To be fair, I received a lot more attention than my fellow student did.  She had three documents up and only got two comments on her outline with no thoughts on her prologue.  

This is where the class ends though.  We got no assignments, no one got concrete advice, and there was no class opening or closing.  We had one meeting over 8 weeks.  I feel cheated.  

In the spirit of full disclosure, I never reached out to her and expressed how neglected I felt the class was.  These typed words are the first expression of my frustration and anger regarding the class.  On the other side, when I sign up for a class, I expect to show up in the classroom and for the teacher to be there.  I don't expect to have to write a letter to the dean asking why my instructor rarely shows up and never has a lesson plan when she does arrive.

Normally I wouldn't bring this issue to public in this manner, but there is no other way to leave feedback on the class.  Both her site and the Quip site she uses don't have any area for feed back.  I could start a direct confrontation with her, but at this point I don't know that I want anything from her.  What I want is to speak in public about what happened and let others make their own decisions regarding the "class".

Can I Recommend the Class?

Obviously not.  I don’t think it was Megan’s intention to quit on us, but she should have communicated more and she should have refunded our money when it became self evident she could not run class this semester.  Or, if she always intended this to be a paid beta reading service with a thirty-minute meet and greet, she should have called it that.  Her actual shop service is vague enough she may legally skate by.  This is why I'm outlining what specifically was delivered for $100.

It was a weird experience, and it reminded me of working with an English teacher who didn‘t want to teach but didn’t know what else to do with their major.

And why Quip when Google Docs and Hangouts exists?  The site choice was a miss for me.  It wasn’t bad, there are just better options.

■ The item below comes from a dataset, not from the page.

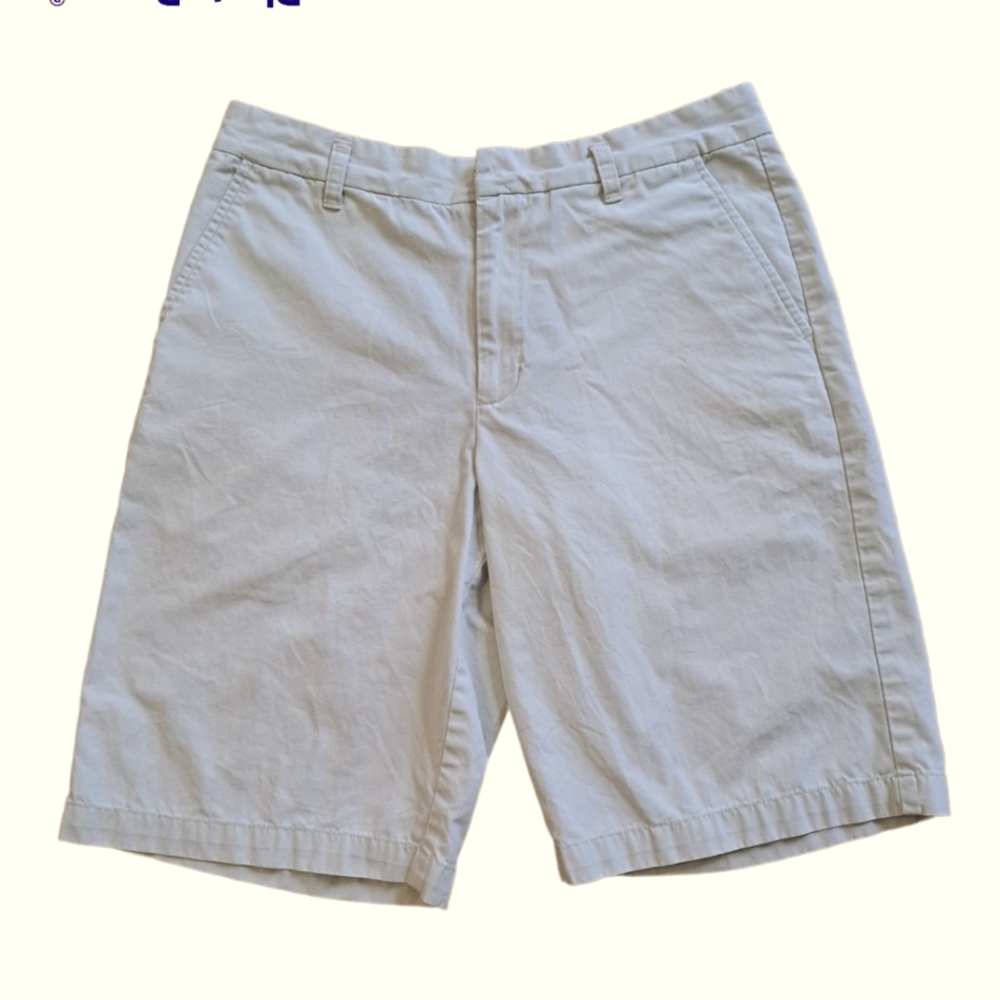 Patagonia Shorts Size 8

My experience differs greatly from the summer session, so perhaps a person could go to a future class or have gone to a past class and had a more constructive experience.  It’s $100 gamble though. 

Do I Recommend a Writing Class in General? 

Of course!  Writing class can be a great way to get feedback from a group of fellow writers.  It can help keep a writer focused and writing.  It can give assignments that force a writer to explore topics, genres, and styles that help them grow.   

Talk to me!  Have you ever been to a writing class?  If not would you want to take a writing class and what would you look for in said class?

If you‘ve been in a writing class, how did it go?  What did you do?  Did you learn anything?  Did you make any friends?